The crowdfunding campaign launched November 1 and will close December 1. Watch the campaign video below, then head over to the WAWADIA campaign page for more info or to make a contribution:
What would you like me to say? This inquiry is the best, best thing I’ve read in a long time (52 pages of your treatment) … I recently took a full leave of absence from MPY which lasted all of a couple of months. But I came back.
My story is not one of injury.
The kids had tried to shunt me into Sleepytime yoga at their studio, deemed as the one thing suitable for my then 54-year old body; and they were “very professional” about everything … but there was no way I was not taking class with their main student body. I avoided all but the most mild physical injury (not gotten at that studio, anyhow), “stole” their pacing and much of their sequence for my very own; and lived to really ❤ yoga.
But I still like meditation more.
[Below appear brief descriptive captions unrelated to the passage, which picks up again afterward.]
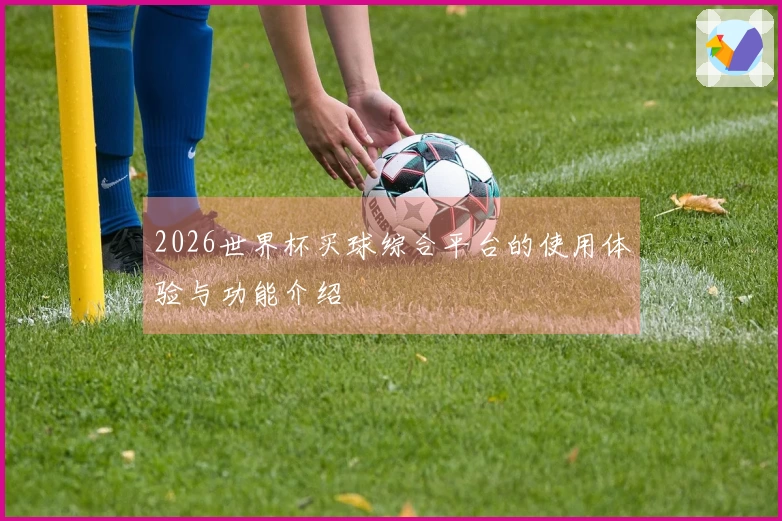 2026世界杯买球综合平台的使用体验与功能介绍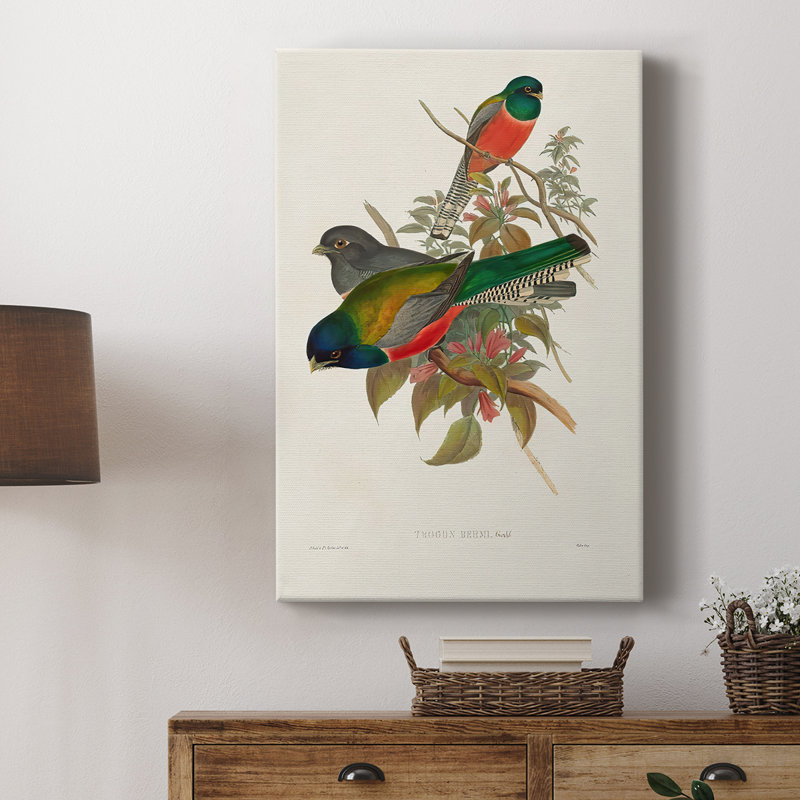 ElegantTrogonsVII - Cavas de galerie sur mesure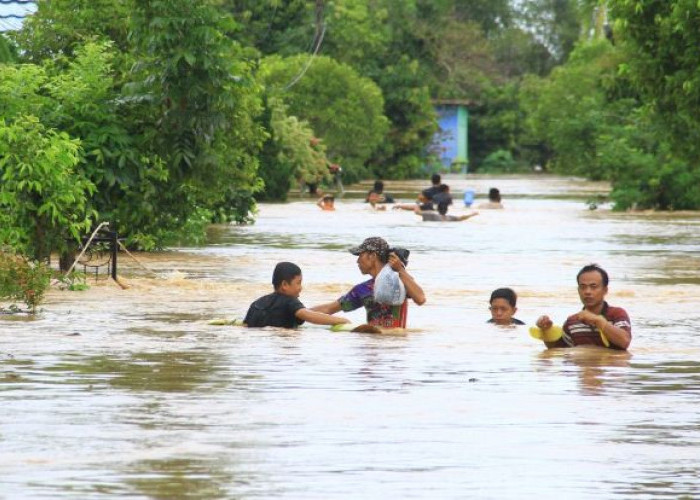 Banjir di Bengkulu: 3.170 Rumah Terdampak , 956 Warga Mengungsi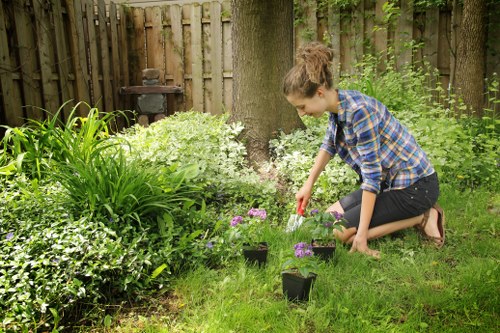 Professional lawn mowing service in Barkingside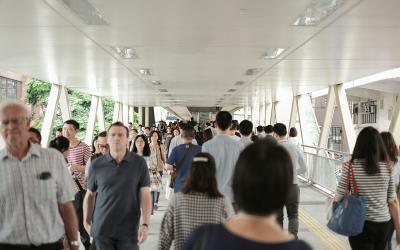 New work-based immigration rules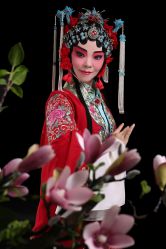 -胭脂猫京剧摄影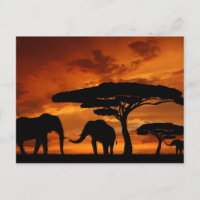 Safari African Baobab tree elephant silhouette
I think that may be part of the key.
This is an interesting and worthwhile project, and I generally agree with the underlying principles.
But one major objection: from a statistical/scientific point of view, the approach taken (asking for input only from injured yogis) involves a huge “selection bias” and is pretty much guaranteed to overstate the physical risk of MPY.
For an informative discussion of selection bias, see Nassim Nicholas Taleb’s excellent book “Fooled by Randomness”. Taleb’s examples feature the “survivorship bias” of looking solely at “winners”, rather than the “mortality bias” of looking solely at injured, as in this particular yogic application, but the principle is the same.
The author here: hope it’s okay to pop in like this.
This is a really good criticism, Dwayne: thank you. I address it on page 40 of the prospectus, which YD links above. The problem begins with the spontaneous nature of the project – it’s “lack of design”, I suppose. I simply began to run with the anecdotal evidence of about 7 years in the industry. By the time I’d waded in, I was well aware of the problem of selection bias, and have been transparent about this ever since.
I characterize the work as qualitative research into the testimony of those who have injury stories to tell, and make no claims to prevalence, etc. On principle, I don’t think we need hard data on yoga injury numbers to proceed with the examination of the common threads and contexts of yoga injury in general. Perhaps in this field, the stories come first, and the numbers second. Although the numbers will always be sketchy, because people will argue ad infinitum about how to control the question. (What is yoga? Are the subjects doing it ‘properly’? Etc.)
Before you go on any witch hunts, make sure your own teaching is up to par. Based on your video, your students shown have much to learn. The class is not unified as everyone is doing their own thing. Also, you said you have 12 years of experience. That isn’t much no matter how many books you read.
I like the idea. A clear sited investigation into how asana works and what it does would be interesting and welcome. I’m just not sure that the best approach is to abdicate to selection bias and collect stories of injury. Plenty of us are yoga “health miracles”; might as well write a book based primarily on our stories. I’d also question the idea that healthy variations are “new” or “emerging”. It all feels a bit autobiographical, which is fine, but not the stated intent. Much as I wondered how different the famous blog post about “wild thing” would have been if, like me, the author had been safely taught it by skilled teachers and knew it only as “rotated half plank” so I wonder how different this book would be if the author had started yoga injured and found in it a cure.
I guess I’ve found something I know works, seen the teachers who taught it pushed out of mainstream yoga as “too difficult” (and take up work fixing and preventing injuries for other groups more concerned with results than orthodoxy), and decided I don’t much mind what other people are doing when they do asana, or if they choose to do it in a way that hurts them.